InfluxDB IOx -- Query Processing

This document illustrates query processing for SQL and InfluxQL.

Note

There is another query interface called InfluxRPC (implemented in iox_query_influxrpc) which mostly reflects the old TSM storage API. The planning there works significantly different and this is NOT part of this document.

Basic Flow

Query arrives from the user (e.g. SQL, InfluxQL)
The query engine creates a LogicalPlan by consulting the Catalog to find:
- Tables referenced in the query, and their schema and column details
The query engine creates a ExecutionPlan by determining the Chunks that contain data:
1. Contacts the ingester for any unpersisted data
2. Consults the catalog for the name/location of parquet files
3. Prunes (discards at this step) any parquet files
Starts the ExecutionPlan and streams the results back to the client

Some objects cached, especially the schema information, information about parquet file existence and parquet file content.

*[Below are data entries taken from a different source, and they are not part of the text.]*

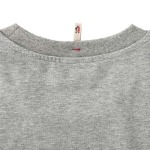 2026年6月15日春夏新作MONCLER半袖 tシャツ原版復刻人気で【极品】/YGY工場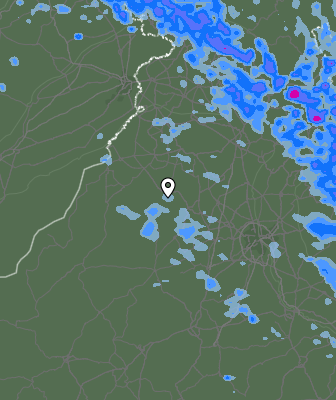 Precipitaţii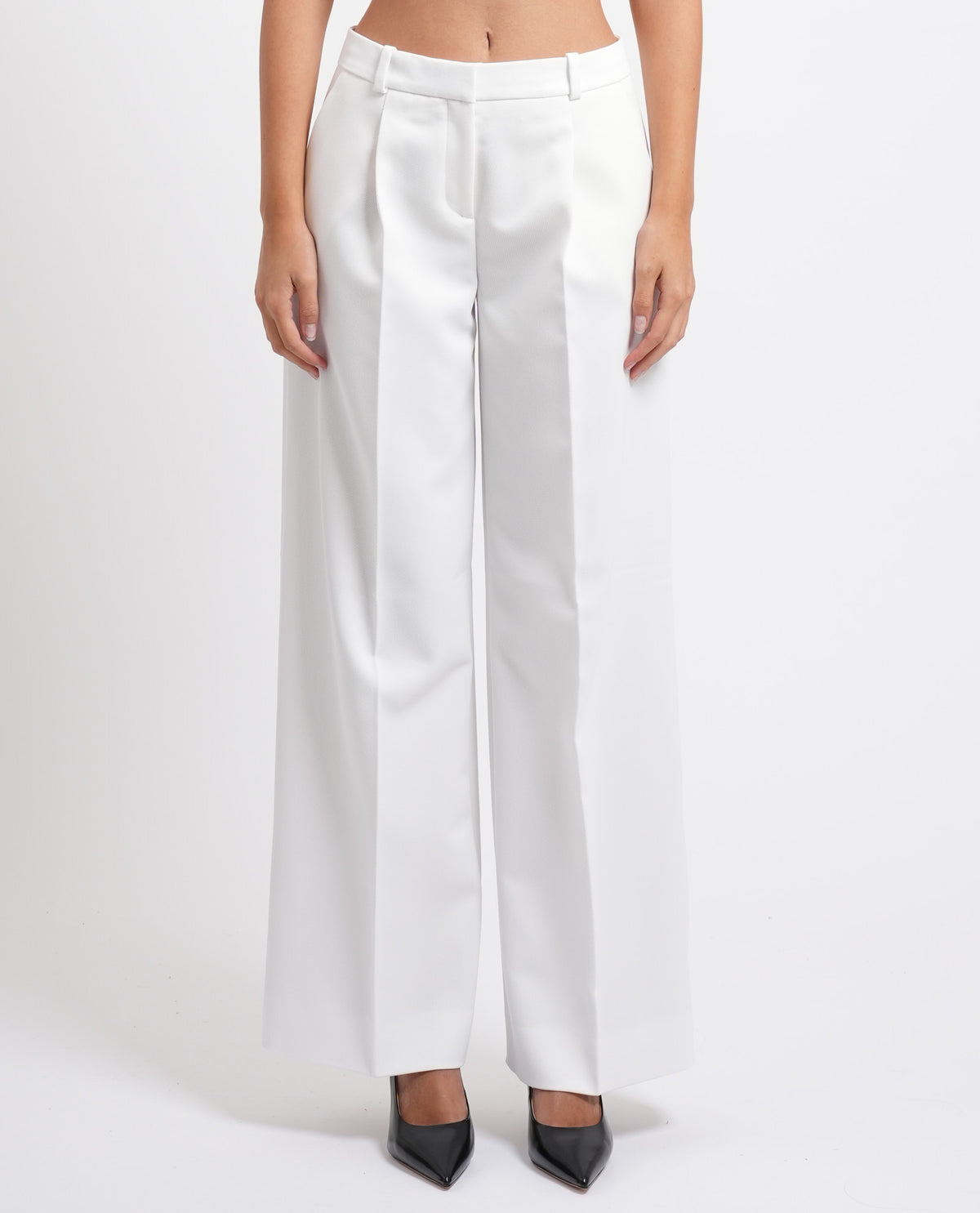 Pantaloni eleganti donna di Hugo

A graphical representation may look like this:

flowchart LR
    classDef intermediate color:#020A47,fill:#D6F622,stroke-width:0
    classDef processor color:#FFFFFF,fill:#D30971,stroke-width:0
    classDef systemIO color:#020A47,fill:#5EE4E4,stroke-width:0

    Query[Query Text]:::systemIO
    LogicalPlanner[Logical Planner]:::processor
    LogicalPlan[Logical Plan]:::intermediate
    PhysicalPlanner[Physical Planner]:::processor
    ExecutionPlan[Execution Plan]:::intermediate
    QueryExec[QueryExecution]:::processor
    Result[Result]:::systemIO

    Query --> LogicalPlanner --> LogicalPlan --> PhysicalPlanner --> ExecutionPlan --> QueryExec --> Result

Code Organization

The IOx query layer is responsible for translating query requests from different query languages and planning and executing them against chunks stored across various IOx storage systems.

Query Frontends:

SQL
InfluxQL
Others (possibly in the future)

Sources of chunk data:

Ingester Data
Parquet Files
Others (possibly in the future)

The goal is to use the shared query / plan representation in order to avoid N*M combinations of language and chunk source. While each frontend has their own plan construction and each chunk may be lowered to a different ExecutionPlan, the frontends and the chunks sources should not interact directly. This is achieved by first creating a LogicalPlan from the frontend without knowing the chunk sources and only during physical planning -- i.e. when the ExecutionPlan is constructed -- the chunks are transformed into appropriate [DataFusion] nodes.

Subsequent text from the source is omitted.